Let me also reassure you that if it happened to anyone in my circle of friends, I would keep quiet, not knowing what to do, feeling awkward for the silence and feeling helpless for not knowing what to do. I would tell Mon Cœur not to mention the baby to the family. Having lived this, I know that for me none of those things are helpful.

What helps me most is acknowledging Millie. People have asked me questions about her, asked to see a photo, told me that they saw something that made them think of her (typically a butterfly). I will gladly tell anyone who asks how beautiful and perfect she was, share a picture of her, or thank you for having thought of Millie.
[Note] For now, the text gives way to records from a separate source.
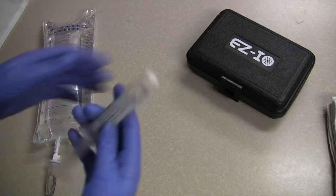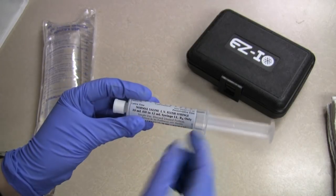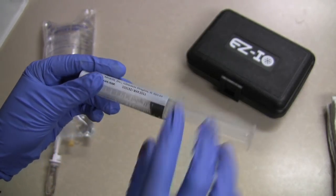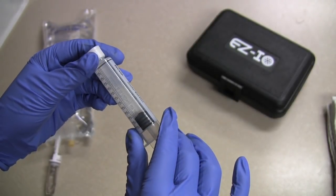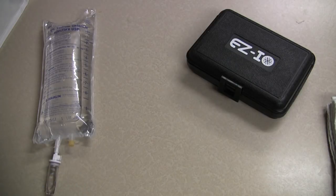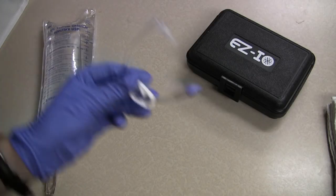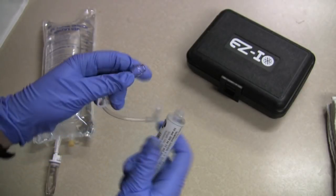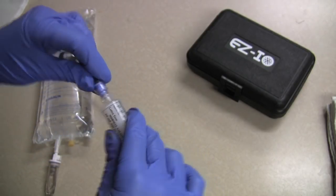I'll take out my extension set and my flush, checking that it's normal saline and that the expiration date is good. It's 10 milliliters and the fluid looks good. I'm going to take my special extension set made for the IO and flush the line.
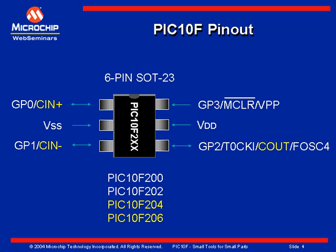To start with, the PIC-10F in the SOT-23 device comes in two different flavors. You have the 200 and 202s, which do not have the comparator interface, and the 204 and 206s, which do have the comparator interfaces.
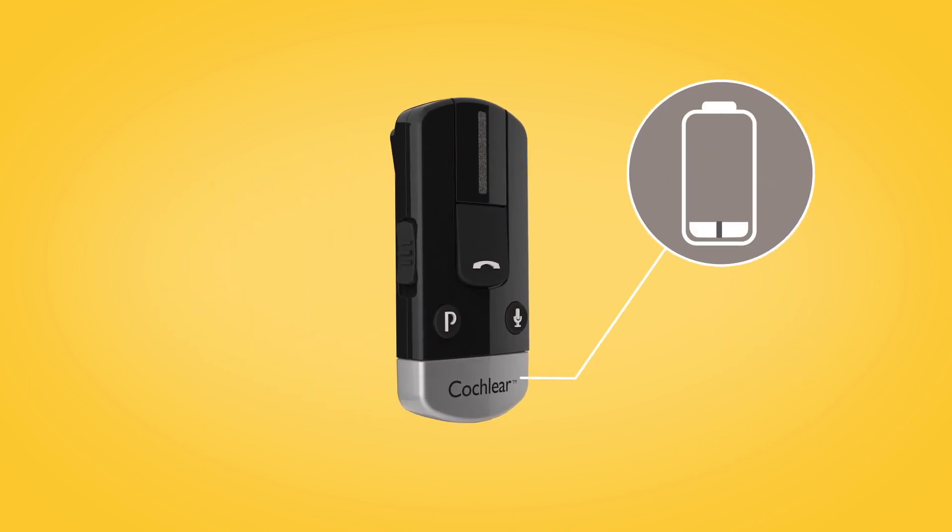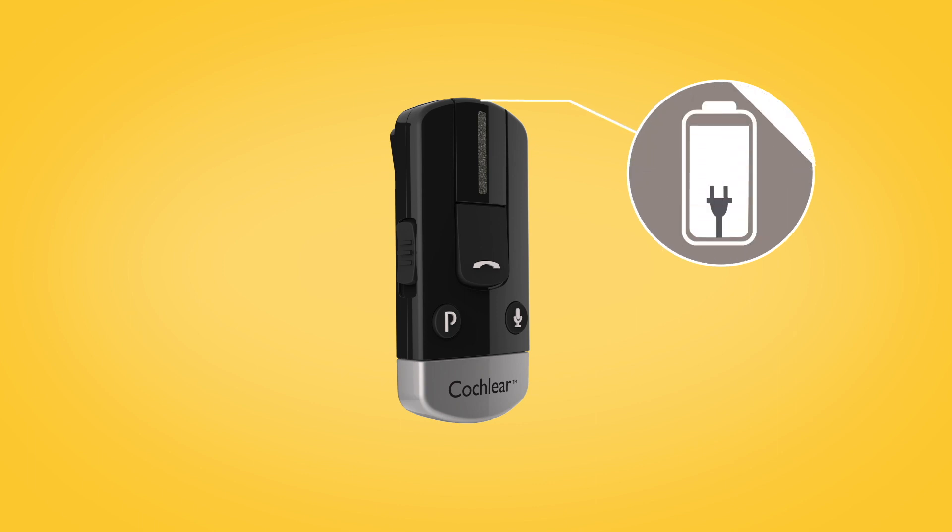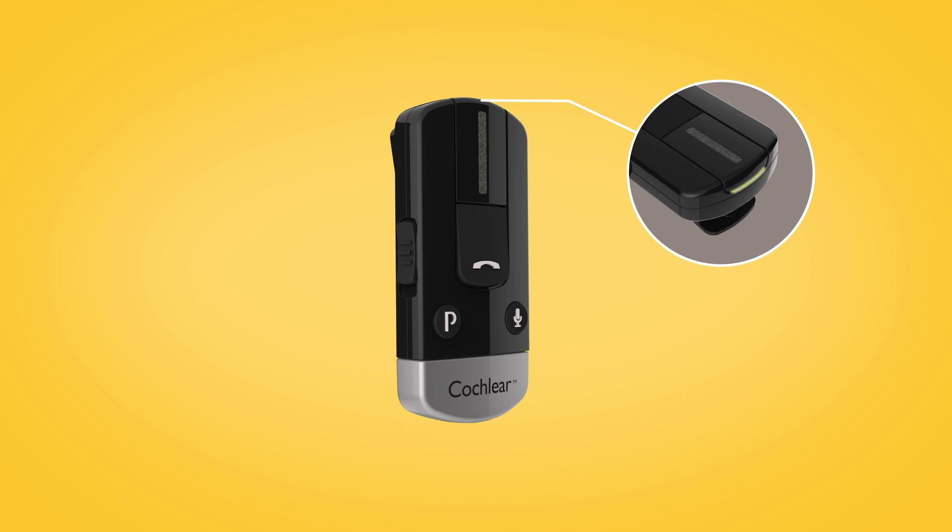While charging, the LED on top of the foam clip lights red. When fully charged, it lights green, with red flashes every two seconds.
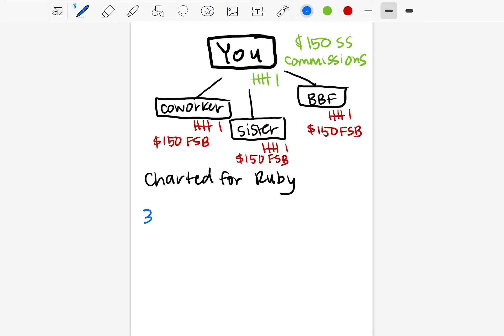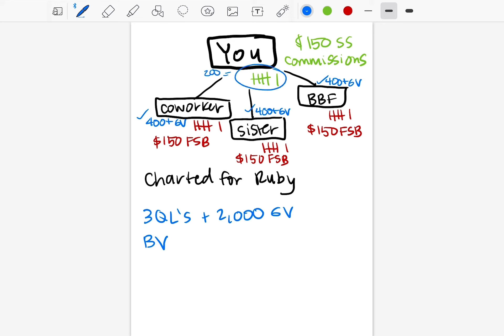To officially go Ruby, you need three qualified legs and 2,000 group volume. Every product has a volume associated with it called bonus volume, and you need that volume to total a qualified leg, which is 400 or more group volume on each leg. Bare minimum, if each of your three legs had 400, that's 1,200 volume, so you'd need 800 more. If yours totaled 200, you'd need 600 more, so people can get more customers to raise the group volume and hit your promotion.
What has helped me- keeping a picture of Millie in a prominent place, keeping cards on the mantle, and even this blog- are not necessarily any other person’s answer to a comparable loss. Please know that what I am offering here in this post are things that have helped me, and it may not apply to everyone. When researching other blogs that discuss stillbirth, I will say that all concur that talking about it is helpful.

If you have any questions or suggestions about a post, particularly with the subject of stillbirth, please email me. Part of the reason I started this blog was to express myself when no one wanted to bring up the subject, to connect to others who have experienced similar situations, and to help inform (from my personal point of view) others who may be trying to support mothers and families experiencing similar circumstances.